Shares of ChargePoint Holdings Inc. experienced a significant decline of over 20% in the extended trading session on Thursday. The electric vehicle (EV) charging company attributed this decline to the departure of its top executive and the underperformance of its third-quarter sales.
Missed Expectations and Revenue Decline
ChargePoint stated that its revenue in the core markets of North America and Europe fell short of expectations during the latter part of the third quarter. As a result, the company now anticipates third-quarter revenue to be between $108 million and $113 million. This is notably lower than their previous projection of $150 million to $165 million. Analysts surveyed by FactSet expect revenue for the quarter to be around $157 million.
Factors Impacting Revenue
The newly appointed Chief Executive, Rick Wilmer, commented on the challenges faced by ChargePoint. He highlighted that overall macroeconomic conditions, along with delays in fleet and commercial vehicle deliveries, have affected the company’s business with government, auto dealership, and workplace customers.
As of October 31, ChargePoint reported having approximately $397 million in cash and equivalents, including $232 million from a share offering. The company also clarified that it has an undrawn credit facility of $150 million with no debt maturities until 2028.

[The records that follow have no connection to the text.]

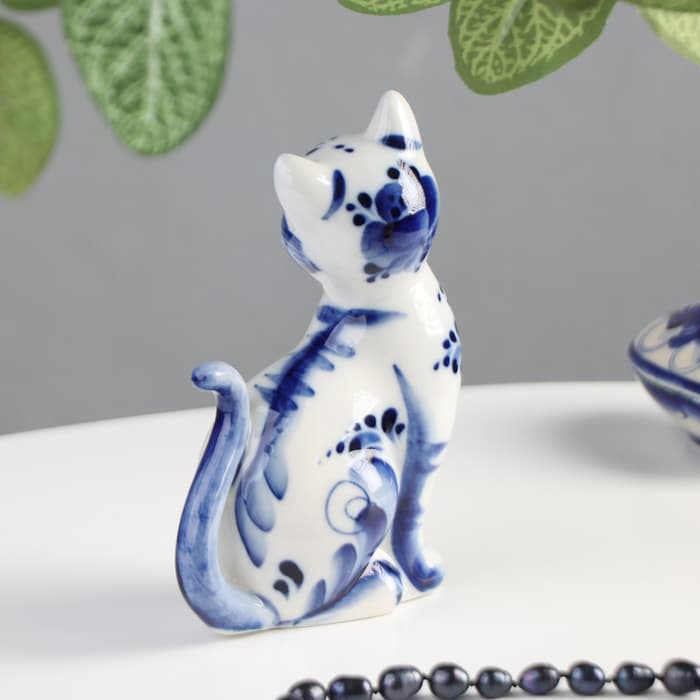 Фигурка фарфор гжель «Кошка Улыбка», 10×5×13 см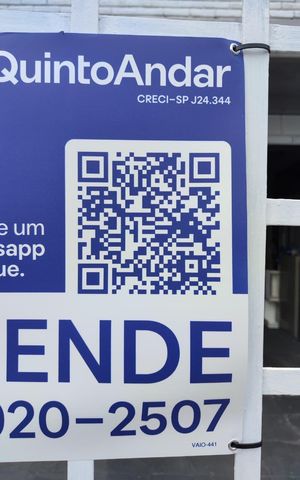 Casa à venda com 136m², 3 quartos e 4 vagas Casa à venda com 136m², 3 quartos e 4 vagasPlaquinha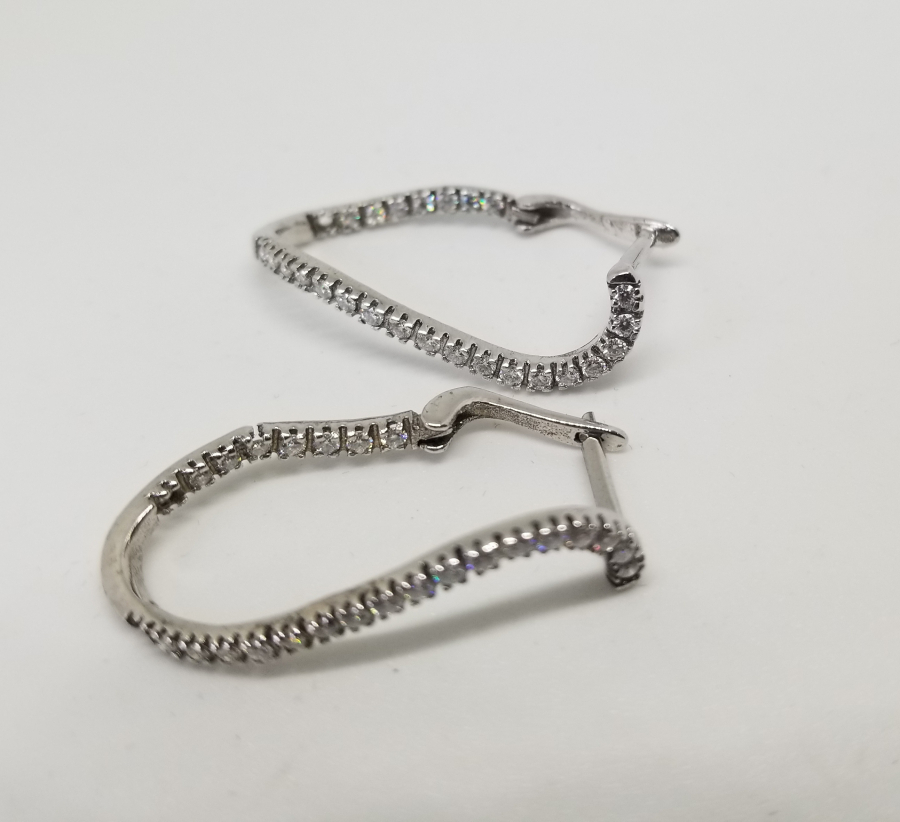 PIRLANTA TAŞLI SONSUZLUK MODELİ KÜPE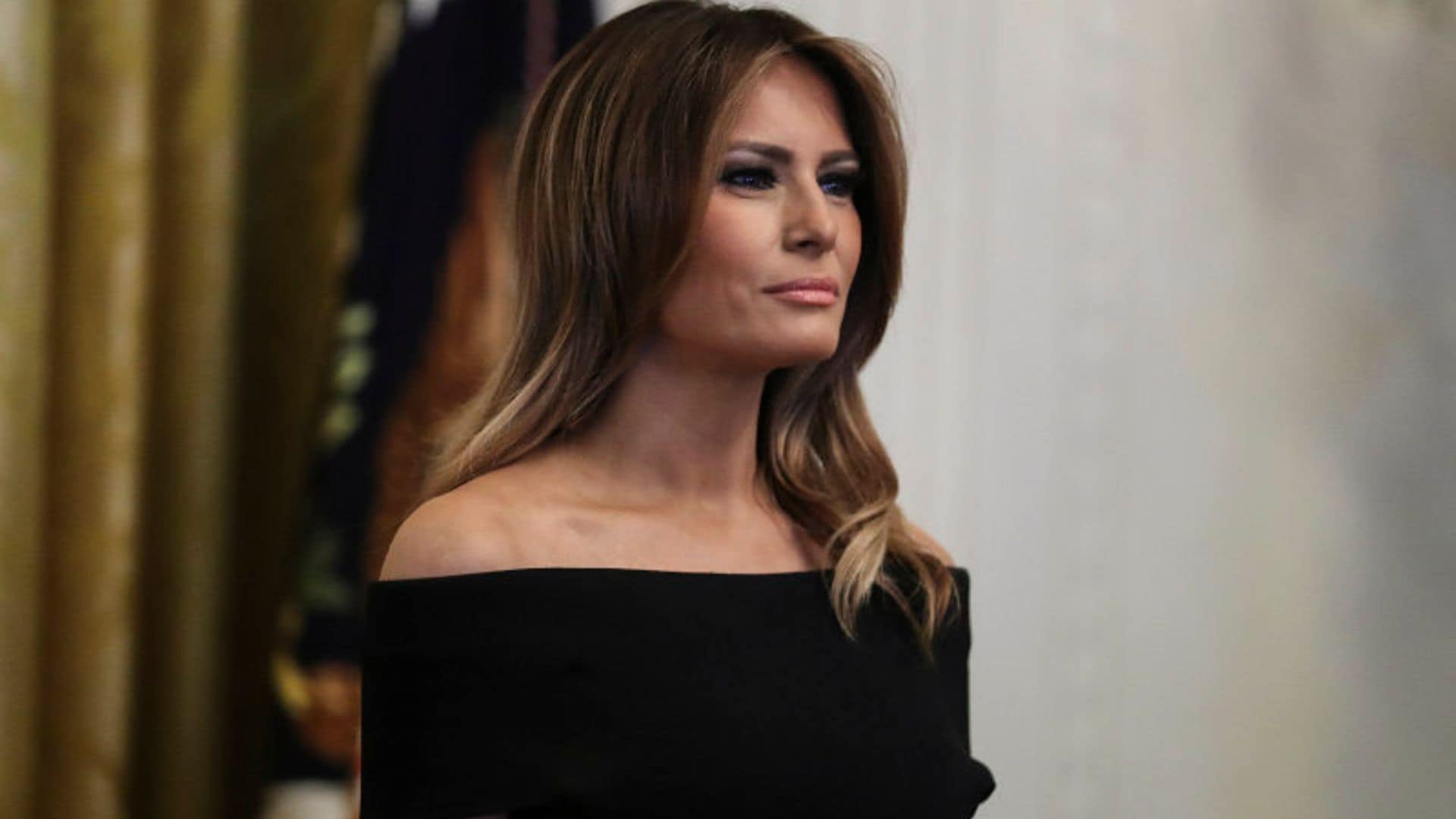 Melania Trump o cómo llevar con estilo el escote 'Bardot' si tienes mucho pecho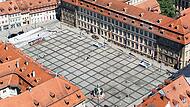 Maxplatz Bamberg aus der Luft im Mai 2024 gezoomt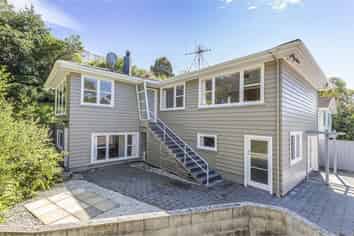 56 Lincoln Ave, Tawa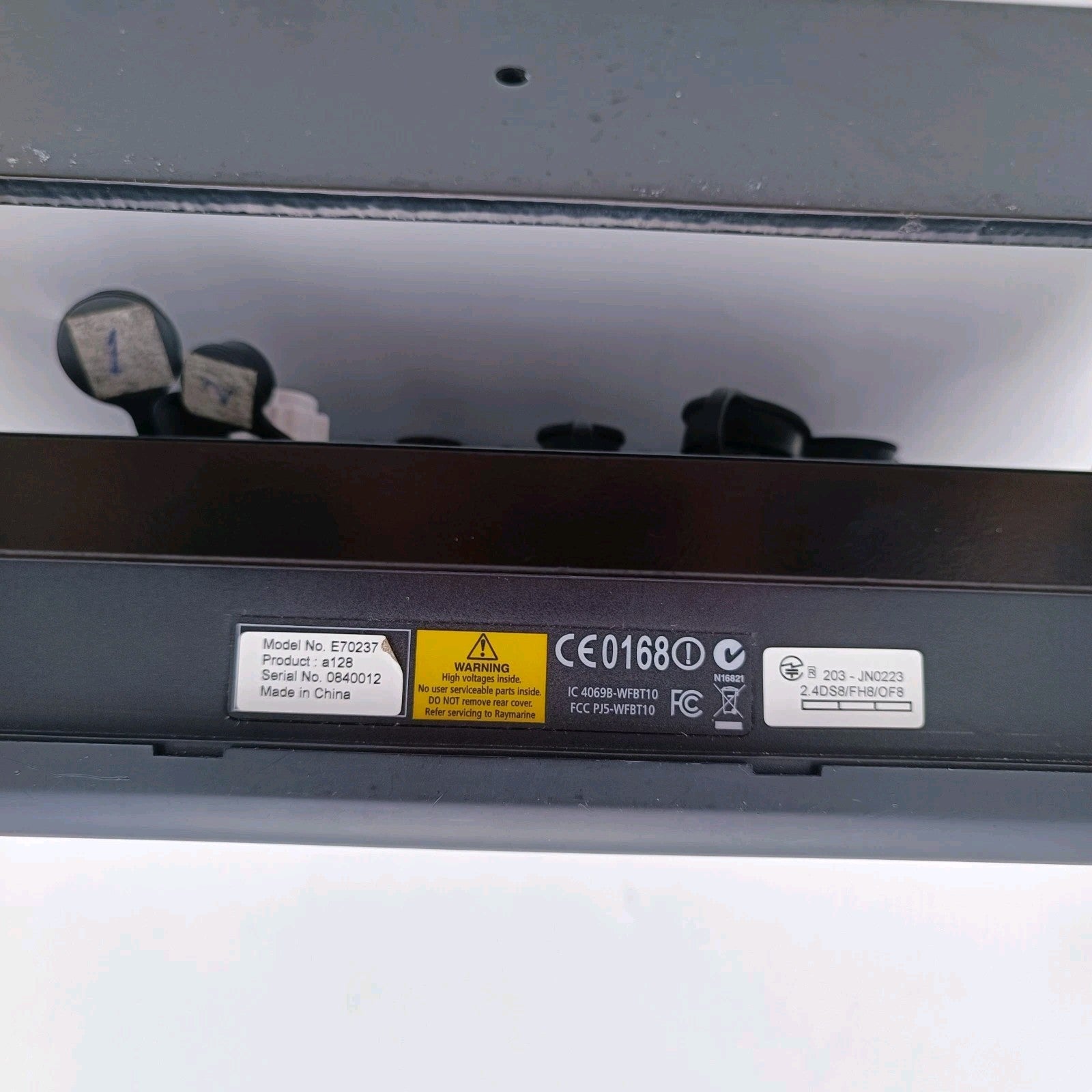 746077
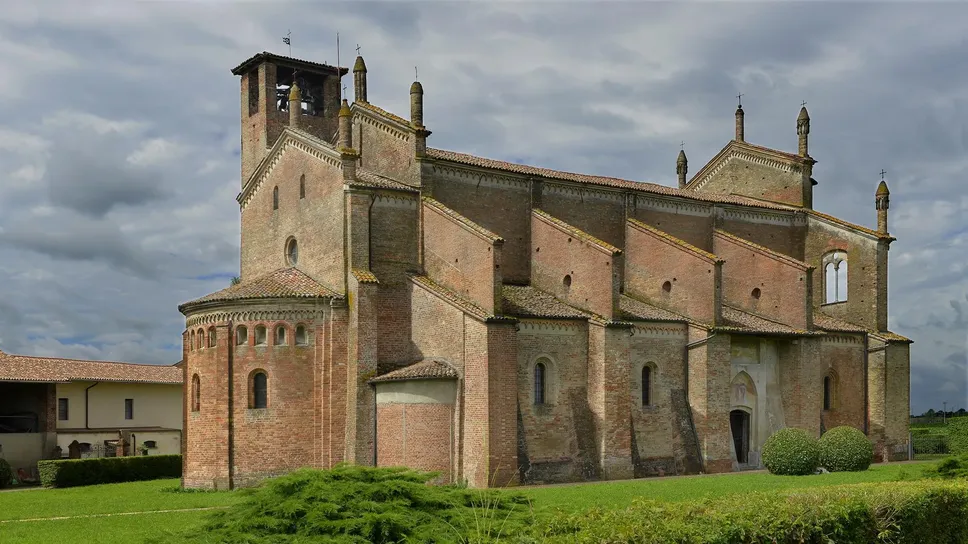 La basilica dei XII Apostoli a Lodi Vecchio La basilica dei XII Apostoli a Lodi Vecchio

Following the CEO’s departure, ChargePoint named Rick Wilmer as its new Chief Executive Officer. To ensure a smooth transition, outgoing CEO Pasquale Romano will remain as an advisor. Regarding the Chief Financial Officer position, Mansi Khetani has been appointed as the interim CFO. The company plans to initiate a search for a permanent executive to fill the role.
ChargePoint plans to release its full results and provide an update on its guidance for the year and current quarter on December 6. It remains to be seen how the company will address the challenges it has faced and regain its positive momentum.
Despite the recent setbacks, shares of ChargePoint have experienced a decline of more than 67% year-to-date, whereas the S&P 500 index has achieved gains of approximately 17%.